A typical instance looks like this.

https://github.com/mongodb/mongo/blob/c0e494a1220c4e67b104ab10f198f5181105ad3f/src/mongo/db/repl/tenant_collection_cloner.cpp#L501-L519

 
    tenantMigrationHangCollectionClonerAfterHandlingBatchResponse.executeIf(
        [&](const BSONObj&) {
            while (
                MONGO_unlikely(
                    tenantMigrationHangCollectionClonerAfterHandlingBatchResponse.shouldFail()) &&
                !mustExit()) {
                LOGV2(4884506,
                      "tenantMigrationHangCollectionClonerAfterHandlingBatchResponse fail point "
                      "enabled. Blocking until fail point is disabled",
                      logAttrs(_sourceNss),
                      "tenantId"_attr = _tenantId);
                mongo::sleepsecs(1);
            }
        },
        [&](const BSONObj& data) {
            // Only hang when cloning the specified collection, or if no collection was specified.
            auto nss = data["nss"].str();
            return nss.empty() || nss == _sourceNss.toString();
        });

Because there's a nested while loop inside, the executed lambda, we would be better off using scopedIf for these.
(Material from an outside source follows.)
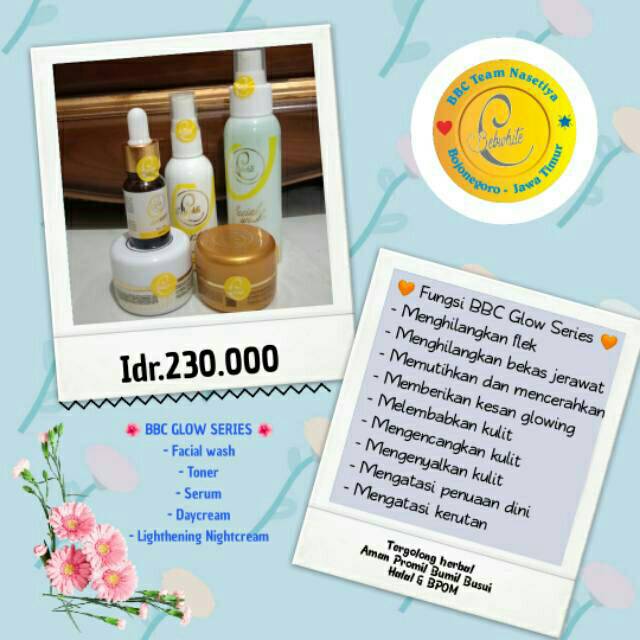 BEBWHITE C SKINCARE ❤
Suggestion with several different improvements together.

    {
        auto &fp = tenantMigrationHangCollectionClonerAfterHandlingBatchResponse;
        auto sfp = fp.scopedIf([&](const BSONObj& data) {
            // Only hang when cloning the specified collection,
            // or if no collection was specified.
            auto nss = data["nss"].str();
            return nss.empty() || nss == _sourceNss.toString();
        });
        if (MONGO_unlikely(sfp.isActive()) {
            while (sfp.isStillEnabled())) {
                if (mustExit())
                    break;
                LOGV2(4884506,
                      "Blocking while fail point is disabled",
                      "failPoint"_attr = fp.getName(),
                      logAttrs(_sourceNss),
                      "tenantId"_attr = _tenantId);
                sleepsecs(1);
            }
        }
    }

The idea is that a checking a failpoint and taking action on it is a kind of transaction with the failpoint, during which it cannot toggle and cause an ABA problem.
FailPoint nTimes and other modes are expecting this kind of session-based access idiom.

This pattern is repeated several times in these two test fies and would be a good candidate for refactor into a helper function.


Generated at Thu Feb 08 06:35:50 UTC 2024 using Jira 9.7.1#970001-sha1:2222b88b221c4928ef0de3161136cc90c8356a66.